Há os furtos comezinhos, desses que pululam nas cidades europeias com grande afluxo de turistas — ficou famoso, nas redes sociais, em 2023, o brado “Attenzione, pickpocket!”, da italiana que denunciava os ladrões de Veneza. Mas há também esbulhos históricos, imunes ao tempo, tratados como questão de Estado. Fazem parte dessa categoria tungas recentes como a do fóssil do dinossauro brasileiro Ubirajara jubatus, subtraído de um sítio paleontológico no Ceará em 1995 e só devolvido no início do ano pelo museu alemão onde ficou anos depositado. Convém iluminar, acima de tudo, pilhamentos antigos, como o dos chamados mármores de Elgin, que ornamentavam o Partenon, na Grécia, e foram levados para a Inglaterra no século XIX pelo diplomata britânico Thomas Bruce (1766-1841), o Conde de Elgin — daí o nome. O conjunto milenar de esculturas é hoje uma das principais atrações do reputado Museu Britânico, em Londres.

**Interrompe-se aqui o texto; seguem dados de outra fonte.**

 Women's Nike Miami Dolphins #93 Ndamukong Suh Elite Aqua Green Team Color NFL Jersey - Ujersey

Em torno do Elgin brotou, agora, uma guerra fria, nó diplomático difícil de desatar. Rishi Sunak, primeiro-ministro do Reino Unido, do Partido Conservador, se recusou a encontrar o homólogo grego, Kyriakos Mitsotakis, que estava de passagem por Londres, no fim de novembro. O motivo? Sunak queria evitar um debate público envolvendo as esculturas. Além de declarar publicamente que elas pertenciam à Grécia e que foram “essencialmente roubadas”, Mitsotakis havia se encontrado com o líder da oposição britânica, o trabalhista Keir Starmer, crime de lesa-pátria para o atual governo. Depois, o líder grego ainda autorizou a abertura de negociações diretas com o presidente do Museu Britânico, George Osborne, para desenhar a possibilidade de um acordo de empréstimo. Vale lembrar que os ingleses Starmer e Osborne são contra a devolução dos objetos, cuja permanência na Inglaterra é protegida por lei, mas ambos criticaram a atitude de Sunak. Consideraram a postura do premiê avessa ao diálogo, arrogante e belicosa.

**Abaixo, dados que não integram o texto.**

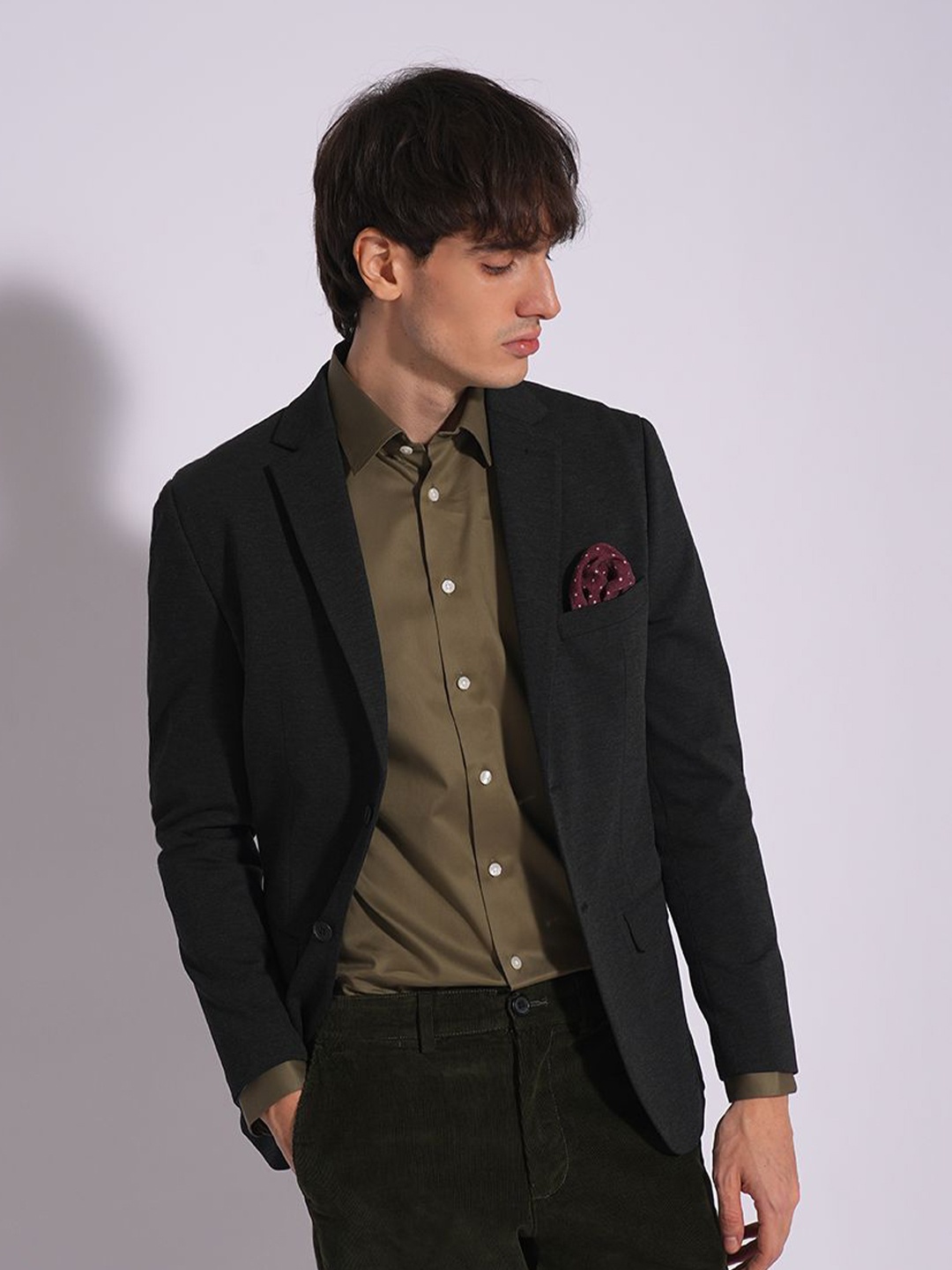 

SELECTED Men Spread Collar Solid Cotton Slim Fit Formal Shirt, Green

A trama é complexa. O caso dos mármores de Elgin é um exemplo do que aconteceu durante a expansão colonial britânica e de outros países, e levanta questões éticas e de Justiça. Mitsotakis comparou os pedaços dos mármores tirados do Partenon à “Mona Lisa cortada ao meio”, analogia que ilumina o simbolismo dessas esculturas para a identidade grega. Mesmo sem o vasto império de outrora, o Reino Unido insiste na defesa da inviolabilidade do Museu Britânico. É como se dissesse aos gregos que eles deveriam se orgulhar ao verem suas relíquias ao lado de outras provenientes da África e da Ásia, em ótimo estado de preservação.
O zelo é real, e merece aplausos. Mas não há como empurrar para debaixo do tapete uma verdade: as grandes coleções da Antiguidade são produtos do nacionalismo exaltado do século XIX. “Se olharmos para trás, percebemos que esses museus tradicionais, produto do século das luzes, são oriundos de saques e espólios”, diz Ana Karina Calmon, professora de museologia da Universidade Federal de Sergipe. “As primeiras coleções dessas instituições foram montadas dessa forma.”
A ideia de que milhões de objetos, criados em diferentes culturas, devam permanecer confinados nos acervos de instituições de países ricos está sendo desafiada. A maior parte das obras foi feita para representar os valores e crenças de diferentes povos, e não pode ser subtraída. É um equívoco manter os objetos distantes de todo o repertório cultural que proporcionou sua existência. “A ideia desses museus como centros mundiais irradiando cultura para as periferias não é mais aceitável”, afirma Antônio Álamo Saraiva, curador do Museu de Paleontologia Plácido Cidade Nuvens, da Universidade Regional do Cariri, que recebeu o fóssil Ubirajara jubatus. “A devolução desses itens, portanto, parece um movimento natural.”
São indícios de que a noção dos museus como os conhecemos hoje precisa ser rediscutida. “Não podem mais ser vistos como salvadores da cultura mundial”, diz Saraiva. A França e a Alemanha estão engajadas em programas significativos de repatriação de objetos culturais. Apesar das preocupações com segurança e preservação, artefatos africanos estão retornando à África; cerâmicas, ao Sudeste Asiático; e tesouros tribais, à Polinésia. Não se trata, claro, do fim dos grandes museus. Muitos deles têm itens de sobra e seria benéfico compartilhá-los. O retorno dos mármores do Partenon pode, de fato, estabelecer um precedente extraordinário. Seria um manifesto em defesa de uma nova ordem, um novo modo de encarar a riqueza cultural da civilização.